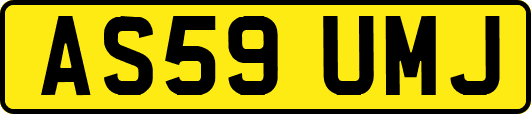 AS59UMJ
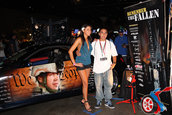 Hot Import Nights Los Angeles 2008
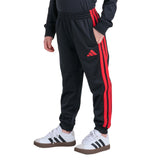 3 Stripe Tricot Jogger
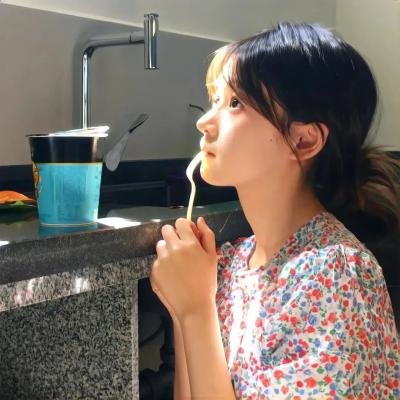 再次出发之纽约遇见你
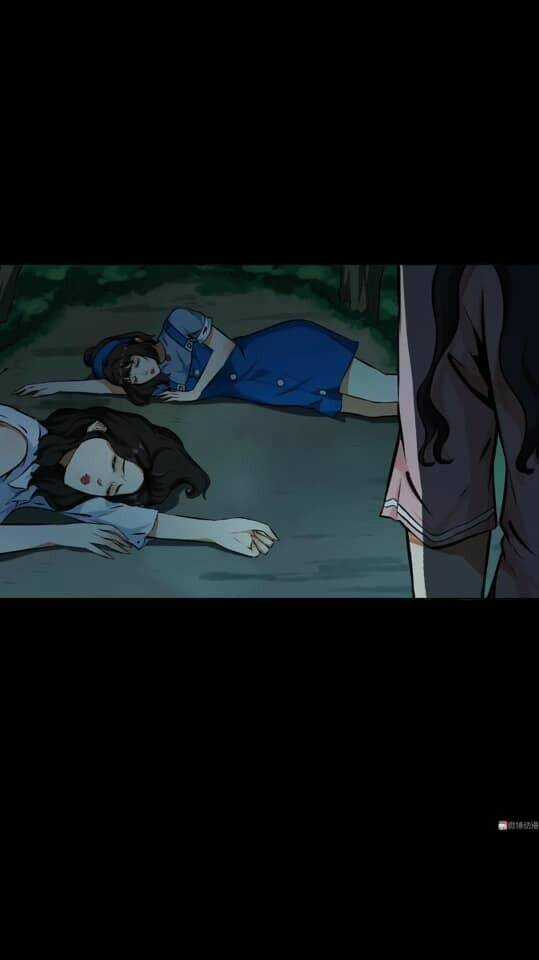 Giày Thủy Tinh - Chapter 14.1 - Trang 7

--

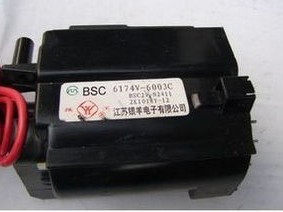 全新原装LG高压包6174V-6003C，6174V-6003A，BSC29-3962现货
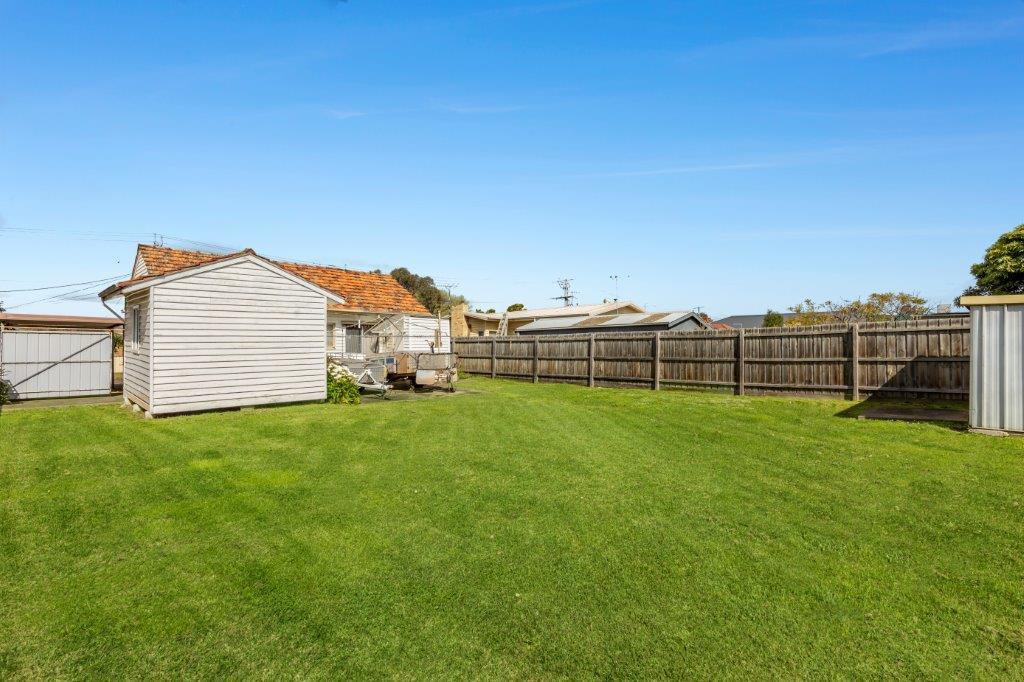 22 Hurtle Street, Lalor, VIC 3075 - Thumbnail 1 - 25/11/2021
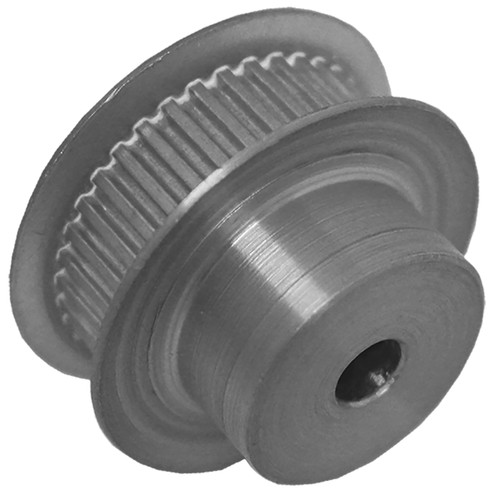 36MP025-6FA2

**Directions**
Look above for the line with "3 Stripe Tricot Jogger" and the line with "Giày Thủy Tinh - Chapter 14.1 - Trang 7"; set down those two lines and all lines between them exactly, without pictures and without anything else.

**Response box**
 3 Stripe Tricot Jogger
 再次出发之纽约遇见你
 Giày Thủy Tinh - Chapter 14.1 - Trang 7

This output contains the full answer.